Exercise input -

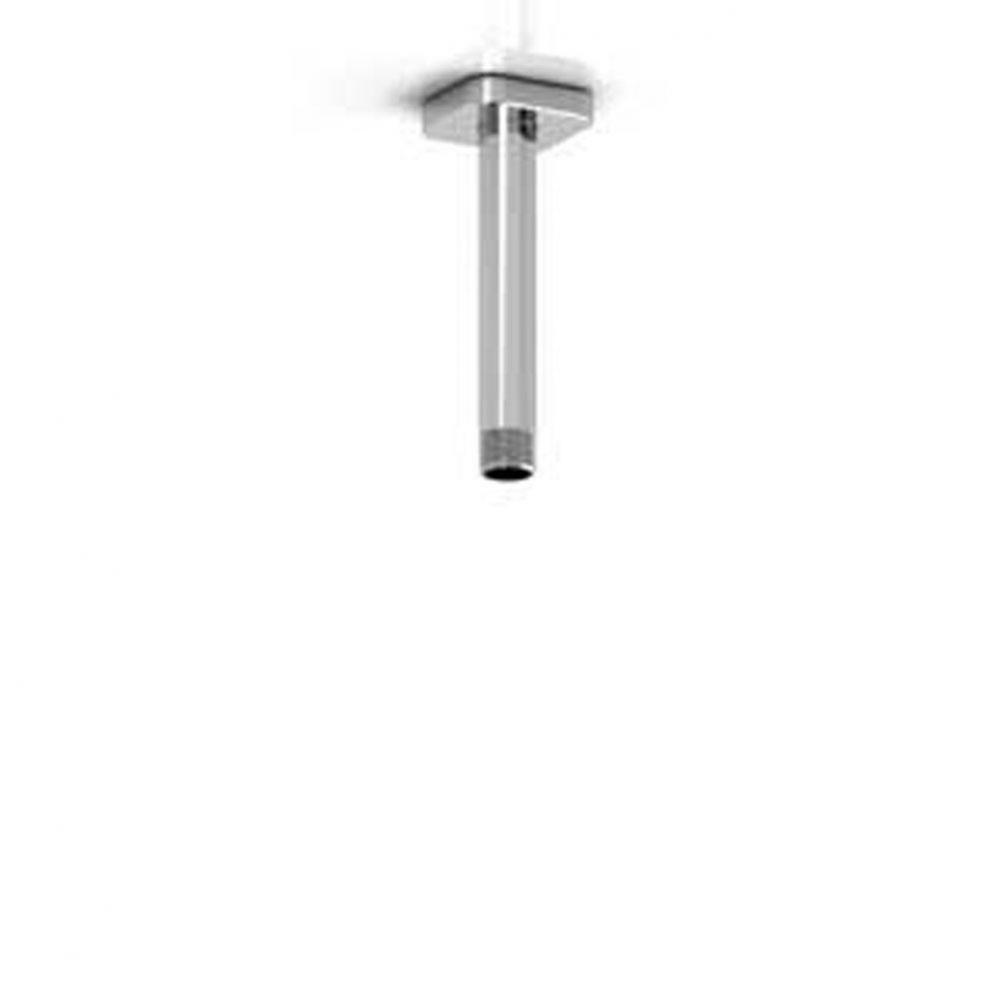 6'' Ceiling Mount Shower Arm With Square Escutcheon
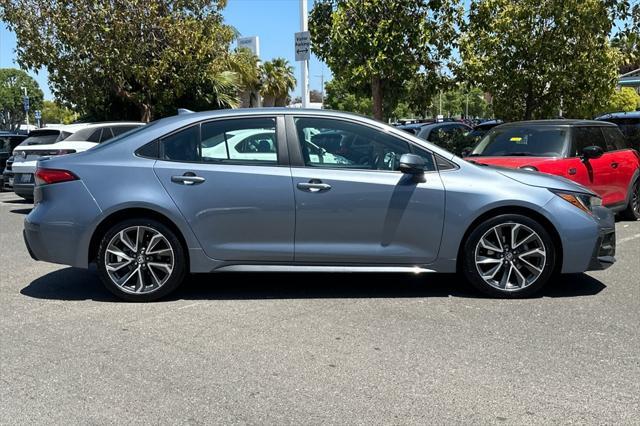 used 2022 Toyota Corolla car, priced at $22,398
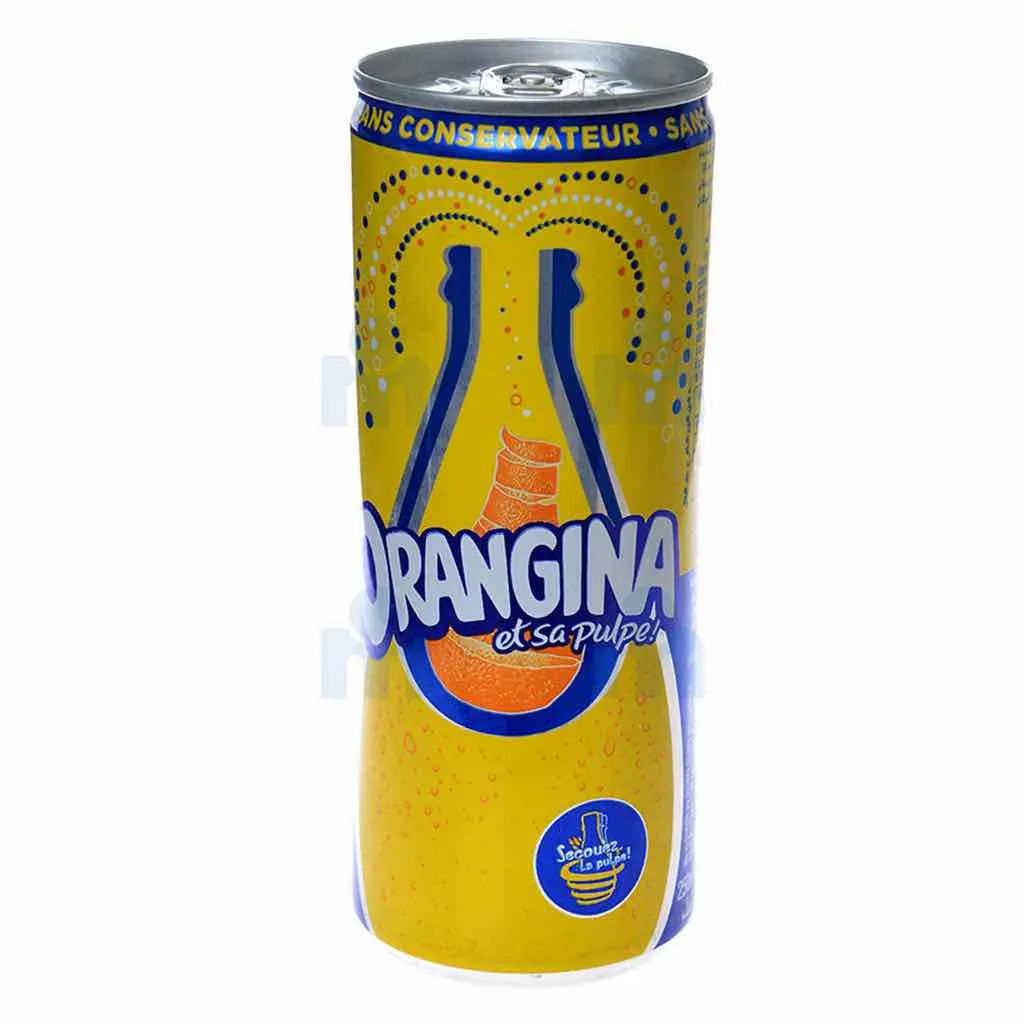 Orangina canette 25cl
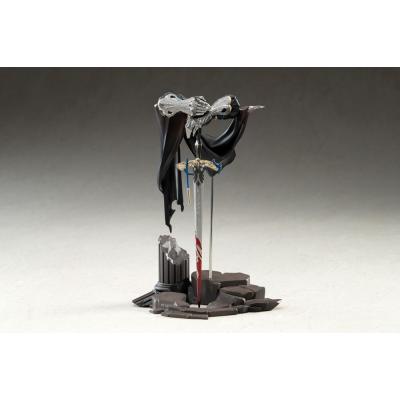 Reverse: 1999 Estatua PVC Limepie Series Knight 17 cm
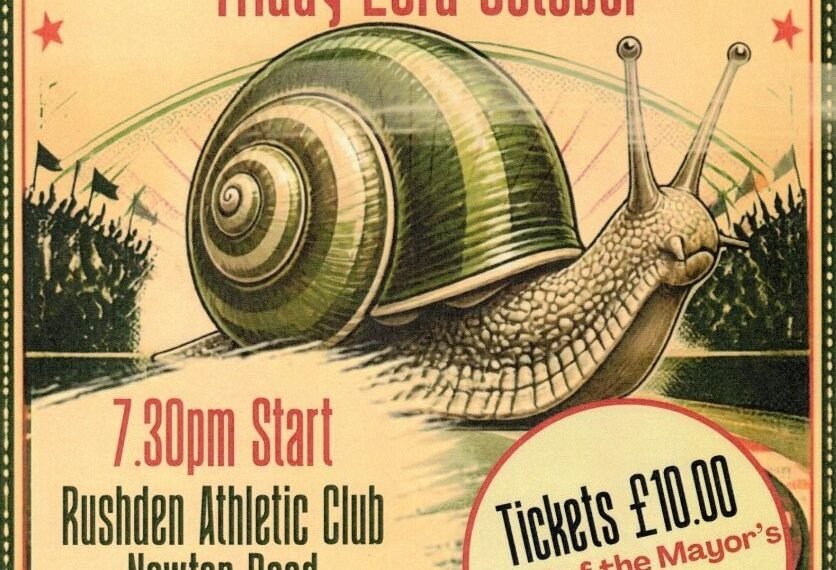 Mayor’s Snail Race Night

---

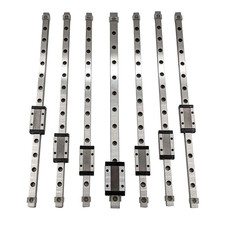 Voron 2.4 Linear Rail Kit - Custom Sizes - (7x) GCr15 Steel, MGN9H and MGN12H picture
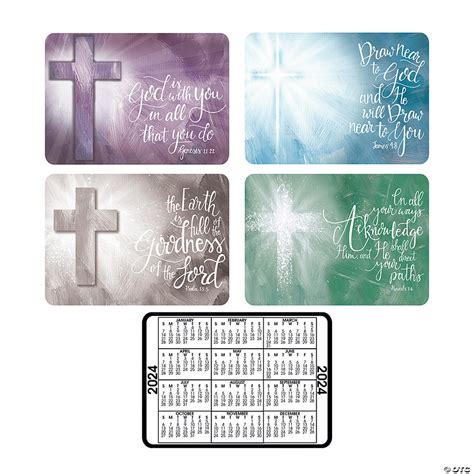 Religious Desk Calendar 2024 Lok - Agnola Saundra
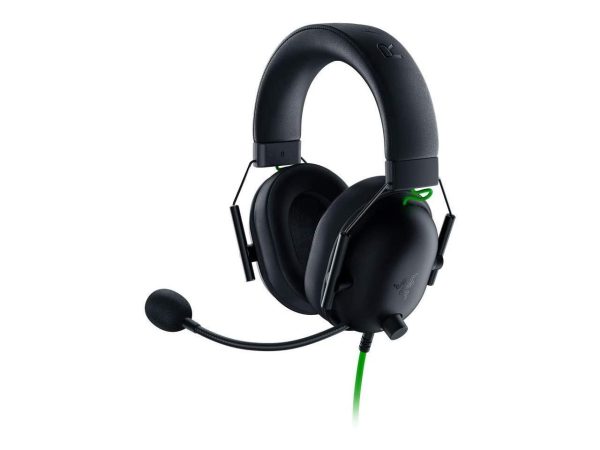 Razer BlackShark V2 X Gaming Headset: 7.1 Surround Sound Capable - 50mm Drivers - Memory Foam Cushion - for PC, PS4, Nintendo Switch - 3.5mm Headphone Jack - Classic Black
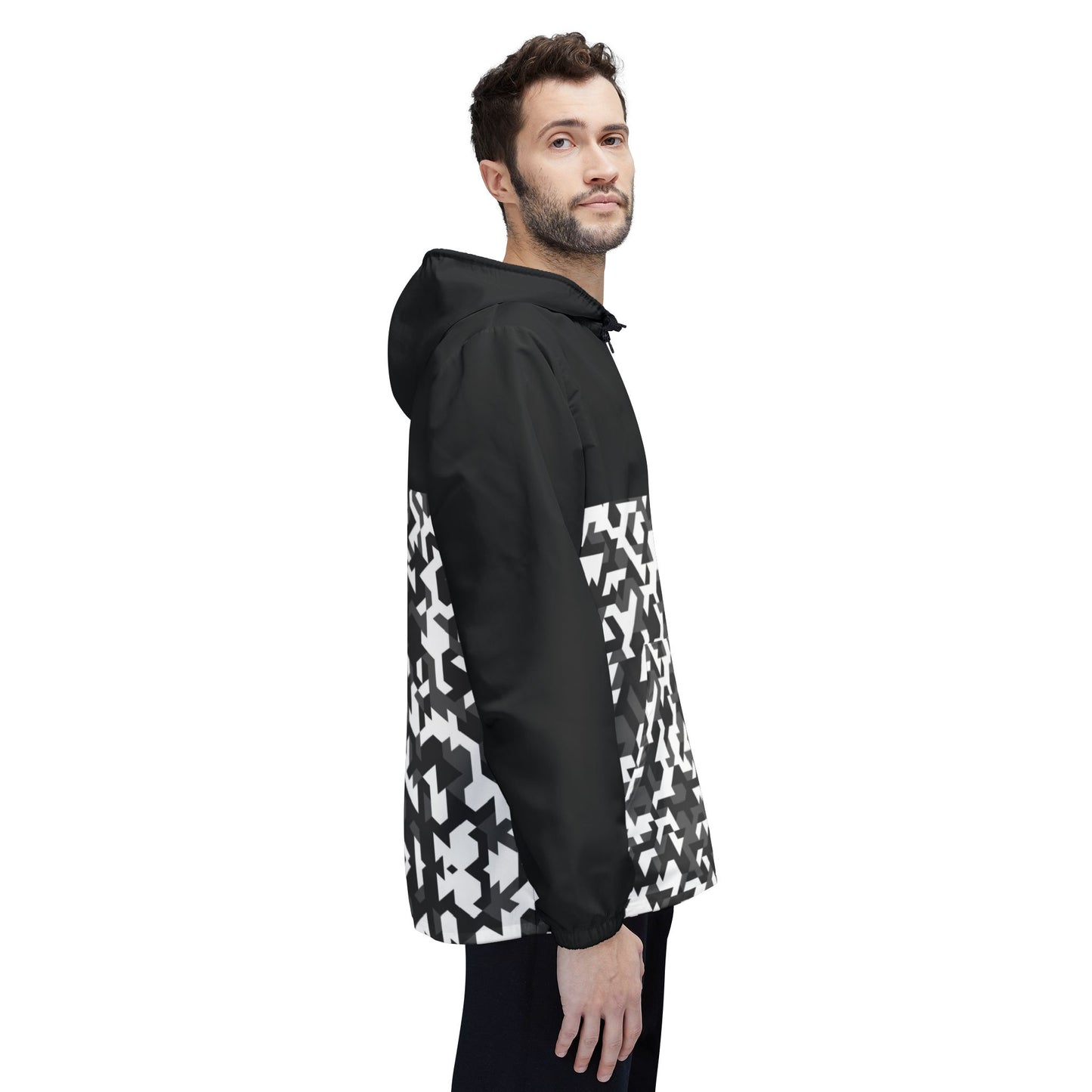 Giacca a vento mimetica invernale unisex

...

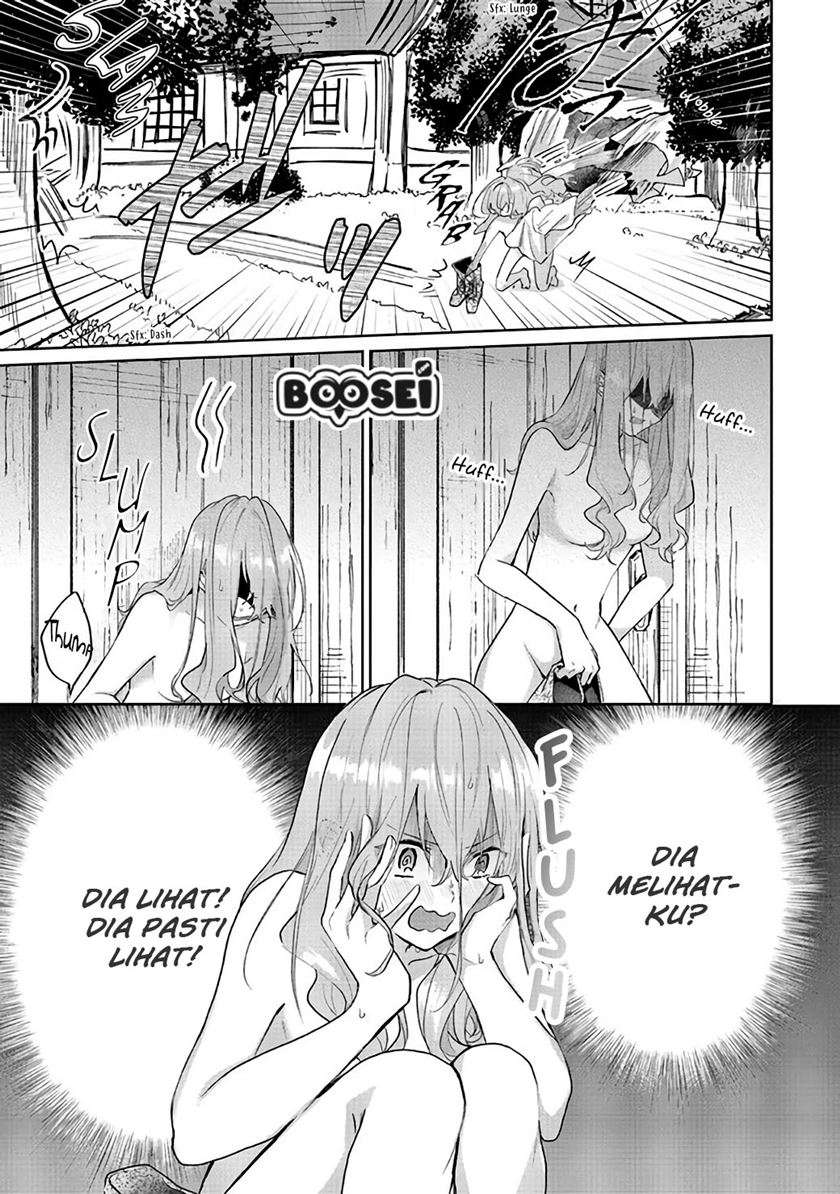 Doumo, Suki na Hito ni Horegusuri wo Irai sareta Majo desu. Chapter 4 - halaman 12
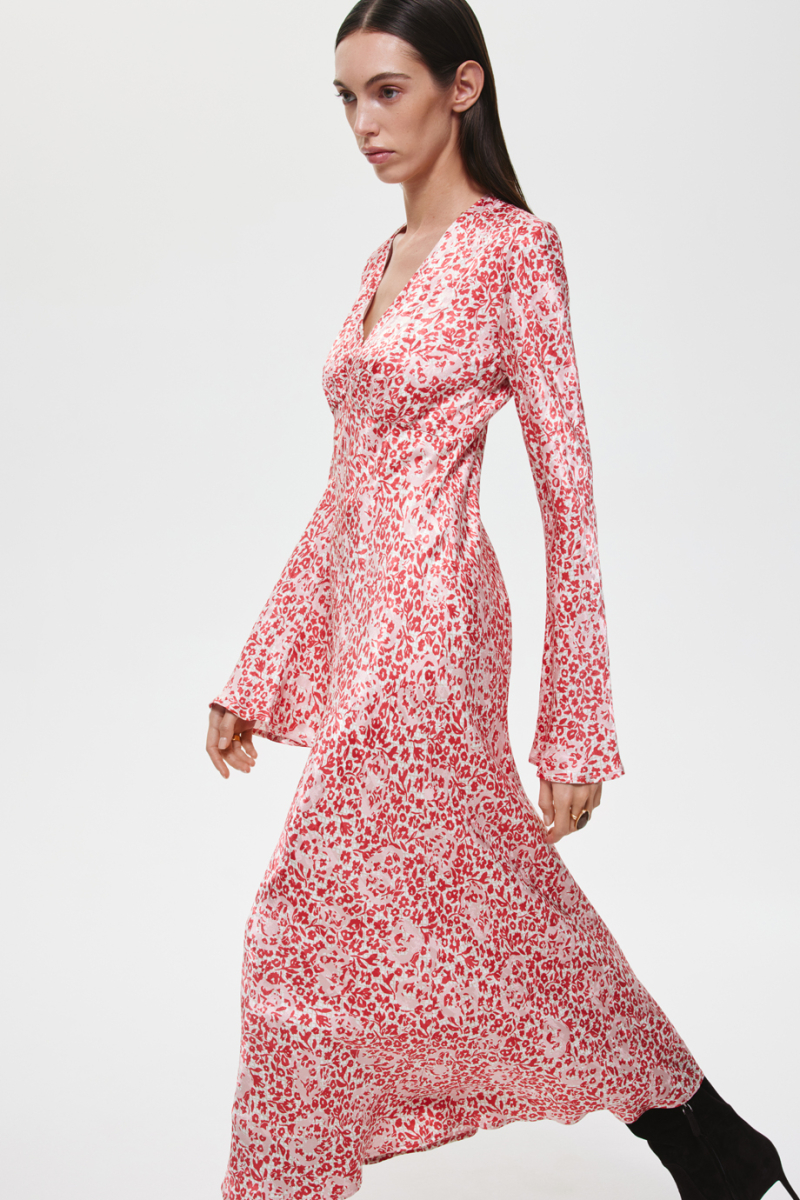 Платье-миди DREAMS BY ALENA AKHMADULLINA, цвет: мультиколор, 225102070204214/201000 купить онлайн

Exercise instructions -
Write out exactly the lines above between the one with "Razer BlackShark V2" and the one with "Giacca a vento mimetica invernale unisex", inclusive, with pictures left out.

Reply to the task -
 Razer BlackShark V2 X Gaming Headset: 7.1 Surround Sound Capable - 50mm Drivers - Memory Foam Cushion - for PC, PS4, Nintendo Switch - 3.5mm Headphone Jack - Classic Black
 Giacca a vento mimetica invernale unisex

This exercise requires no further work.